Après un déclin apparent dans les années 1990, le mercenariat connaît un renouveau en Afrique. Les groupes comme Wagner ou Executive Outcomes proposent des solutions rapides pour des gouvernements incapables de garantir la sécurité. Cependant, ces acteurs privés ne sont pas toujours efficaces sur le long terme, comme l’a montré l’expérience de Wagner au Mozambique en 2019. Dans ce pays, c’est finalement l’armée rwandaise, plus disciplinée et coordonnée, qui a pris le relais pour lutter contre les djihadistes au Cabo Delgado. Le recours croissant aux mercenaires reflète l’incapacité des États et des organisations internationales à fournir des solutions pérennes aux défis sécuritaires.

La fin annoncée des grandes missions de maintien de la paix, comme la Monusco en RDC d’ici 2025, témoigne d’un désengagement des acteurs internationaux. Ces départs laissent les populations locales dans une insécurité grandissante, tandis que les solutions de remplacement, comme les coalitions militaires ad hoc, peinent à répondre efficacement aux besoins. Ce vide sécuritaire est souvent comblé par des puissances extérieures, renforçant la dépendance des États africains à des acteurs étrangers.
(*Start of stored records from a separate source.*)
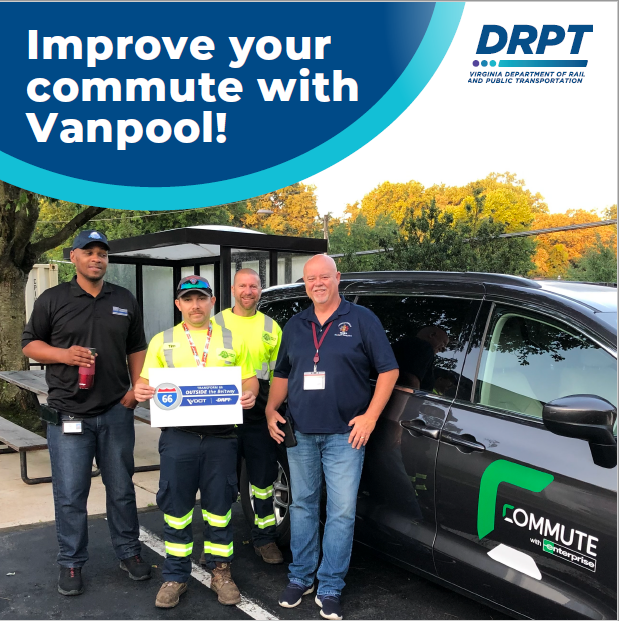 VirginiaDRPT's tweet photo. Welcome Transform 66 Vanpool Program’s newest riders! Joining a vanpool is a great way to save time and money. Let us help you make your ride easier on I-66!
Learn more: https://t.co/LudF9qPKDK
#Vanpool
#Transform66
@VaDOTNOVA https://t.co/aam6JRLCyy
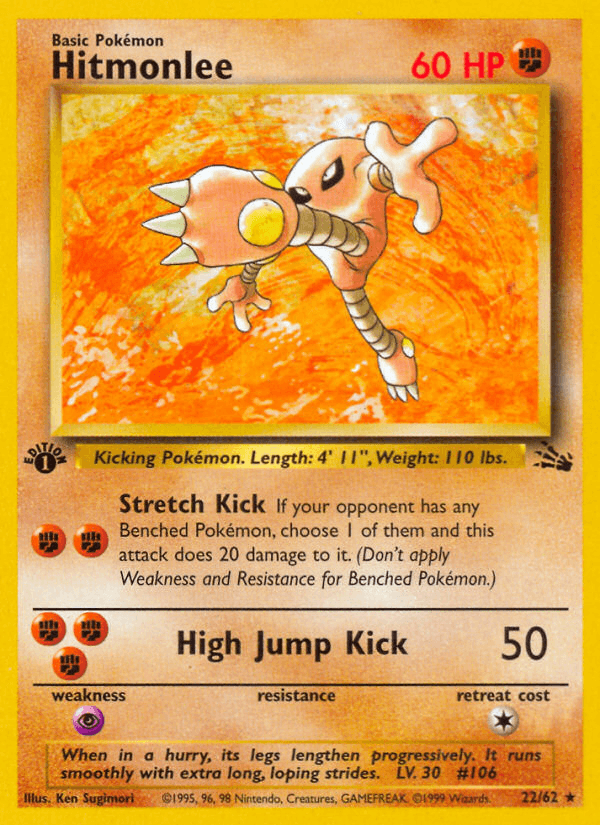 Hitmonlee (22/62) [Fossil 1st Edition] - Trinity Hobby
Un continent pris dans une nouvelle dépendance

De nombreux régimes africains affichent une rhétorique souverainiste, rompant ostensiblement avec les anciennes puissances coloniales comme la France. Cependant, ce discours masque souvent une nouvelle dépendance envers d’autres acteurs. Les alliances avec la Russie, la Chine ou la Turquie ne font que remplacer une forme de domination par une autre, sans véritablement renforcer l’autonomie stratégique des États concernés.

Dans un monde multipolaire, les États africains tentent de diversifier leurs partenariats pour maximiser leurs opportunités. Si cette stratégie semble rationnelle, elle aboutit souvent à une multidépendance qui limite leur marge de manœuvre. Par exemple, des pays comme le Nigeria ou l’Angola jonglent entre des crédits chinois, des accords sécuritaires russes et des partenariats économiques occidentaux, rendant leur politique étrangère vulnérable aux pressions extérieures.L’expression empruntée à l’histoire coloniale illustre bien la situation actuelle. Ce « nouveau grand jeu » oppose des puissances mondiales et régionales pour le contrôle des ressources africaines, de ses marchés et de ses routes stratégiques. Si certains États africains parviennent à tirer parti de cette concurrence, la majorité reste prise au piège d’un système de dépendances croisées, renforçant leur fragilité face aux crises économiques et sécuritaires.